Gov. Whitmer and Michigan legislators pushing for lawsuits against the firearm industry won’t bother with those facts.

Tried and Failed

This notion of public nuisance lawsuits against the firearm industry isn’t new. This was a tried-and-failed tactic of the late 1990s and early 2000s. Municipalities sued firearm businesses for the crimes committed by remote third parties– commonly referred to as criminals – and those cases were thrown out of court. They never passed a basic understanding of tort law – that those who commit the crime and inflict harm are the ones responsible for that harm.

That wasn’t the point of the lawsuits, though, just as it is not now. The true intent of the lawsuits was revealed by disgraced former New York Gov. Andrew Cuomo, who said when he was the Housing and Urban Development Secretary in the Clinton Administration, that these lawsuits were designed to impose on the firearm industry a “death by a thousand cuts.”

Professor Victor Schwartz, a former law professor and law school dean and the current co-chairman of the Public Policy Group of the law firm Shook, Hardy & Bacon, wrote in The Washington Examiner, “Former Clinton administration Labor Secretary Robert Reich aptly labeled this strategy ‘regulation through litigation.’ He recognized that it amounts to ‘faux legislation, which sacrifices democracy’ by using the judiciary to implement policy preferences in place of the representative branches of government. Under such a litigation strategy, any lawful yet ‘unpopular’ industry may be targeted and sued out of existence based on the conduct of criminals or other third parties who misuse products.”

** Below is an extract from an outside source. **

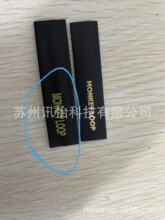 ������sunteck�Ӻ����B�mPET�׹܏S-��ɫ��̼֬��ARMOR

Before Gov. Cuomo was forced to resign from office in disgrace, he signed a similar law for New York. New Jersey’s Gov. Phil Murphy also signed a similar law. NSSF is challenging both laws because they don’t stand up to the federal law that prohibits these frivolous lawsuits – the Protection of Lawful Commerce in Arms Act (PLCAA). That’s the law that was passed with a wide bipartisan majority in both the U.S. House of Representatives and U.S. Senate and signed into law by President George W. Bush in 2005. That law has been repeatedly upheld as Constitutional by Courts of Appeal and even defended by President Joe Biden’s Attorney General Merrick Garland and the DOJ.

What’s At Stake

The claim that gun businesses are immune is a lie. That’s been fact-checked time and again. PLCAA prevents frivolous lawsuits against firearm businesses over the criminal actions committed by remote third parties. Firearm businesses can still be held accountable if they commit a crime, there is negligent entrustment or product design flaws. PLCAA simply means those businesses that lawfully-made and lawfully-sold a firearm cannot be held responsible for the crimes committed by others. It would be the same as if someone attempted to sue Ford and Anheuser Busch for the harm caused by drunk driving.

The reason PLCAA was signed into law was because Congress knew antigun politicians were using the courts as an end-round to circumvent the lawmaking process. The irony was elected officials then – and now – oppose PLCAA because it blocked their “attempt to circumvent the Legislative branch of government” and “would expand civil liability in a manner never contemplated by the framers of the Constitution.” Those are actual words within the law.

Gov. Whitmer and antigun politicians in Michigan would rather use the courts to push their radical gun control agenda instead of using them to lock up criminals. They’re carrying the water for special interest groups, including trial lawyers that see this opportunity as a cash cow. That’s not justice for anyone. That’s abuse of the courts and denigration of Second Amendment rights.